*The data*
_ _ _ _ _ _ _

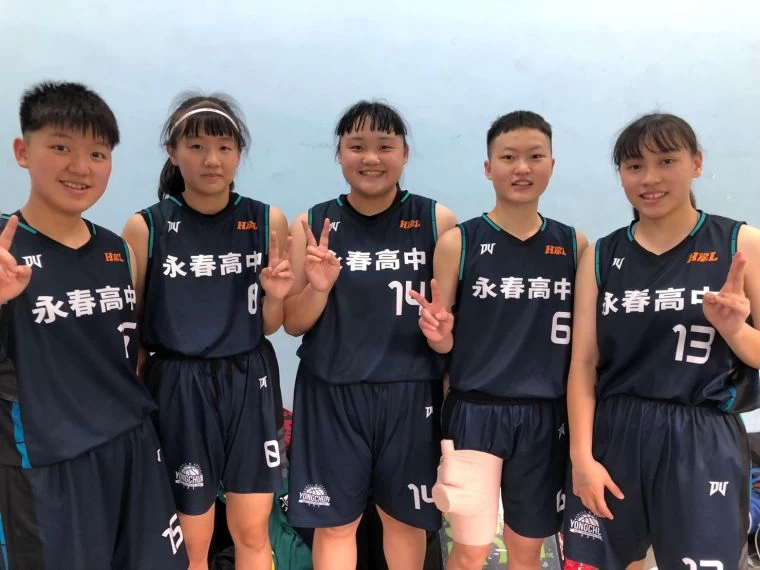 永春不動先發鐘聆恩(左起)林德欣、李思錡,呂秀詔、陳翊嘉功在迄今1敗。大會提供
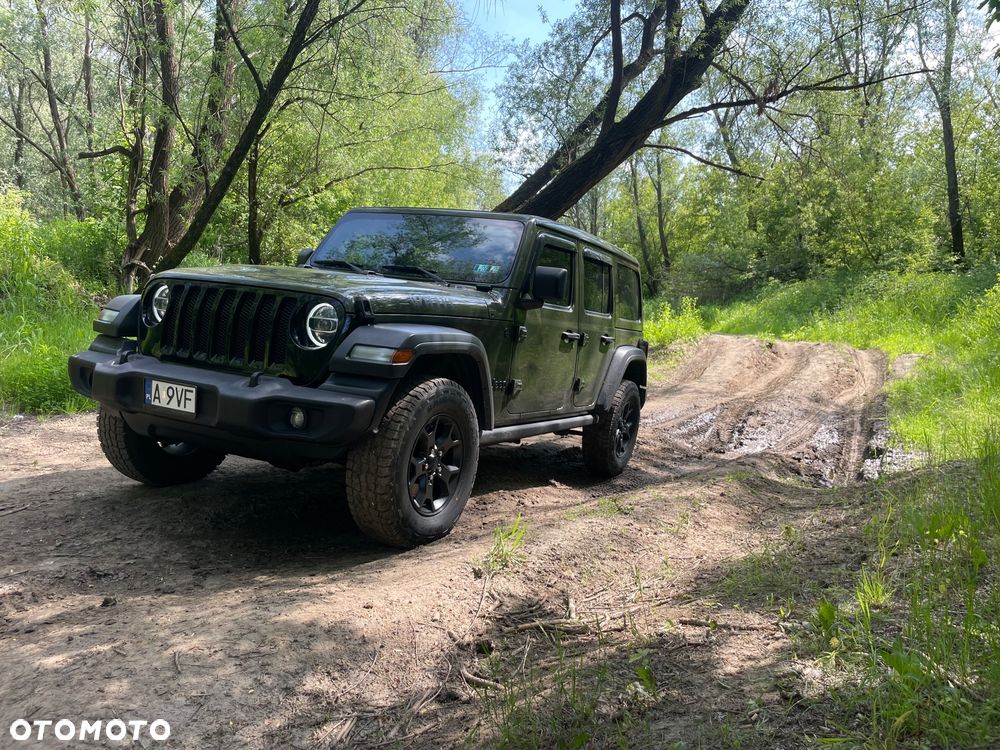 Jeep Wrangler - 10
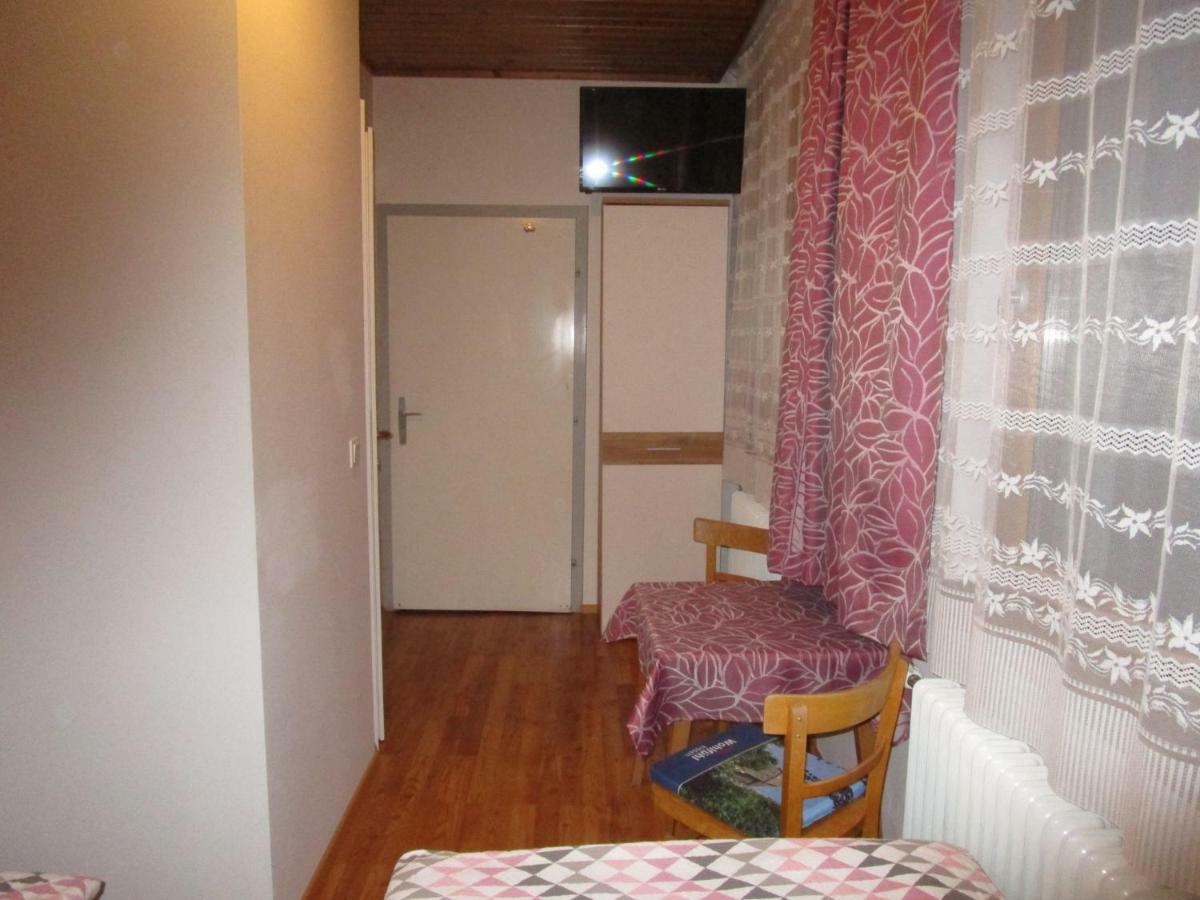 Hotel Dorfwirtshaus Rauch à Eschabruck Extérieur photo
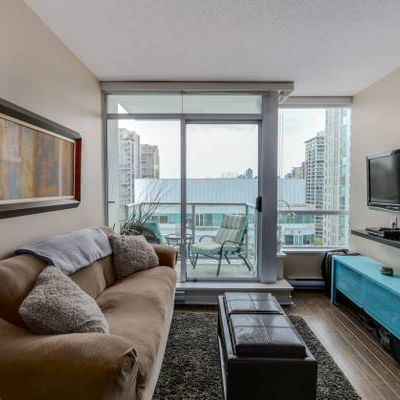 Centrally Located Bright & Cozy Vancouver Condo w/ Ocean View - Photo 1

_ _ _ _ _ _ _

Would it be possible to give the material above again exactly, with the pictures left out?

*Answer to this task*
 永春不動先發鐘聆恩(左起)林德欣、李思錡,呂秀詔、陳翊嘉功在迄今1敗。大會提供
 Jeep Wrangler - 10
 Hotel Dorfwirtshaus Rauch à Eschabruck Extérieur photo
 Centrally Located Bright & Cozy Vancouver Condo w/ Ocean View - Photo 1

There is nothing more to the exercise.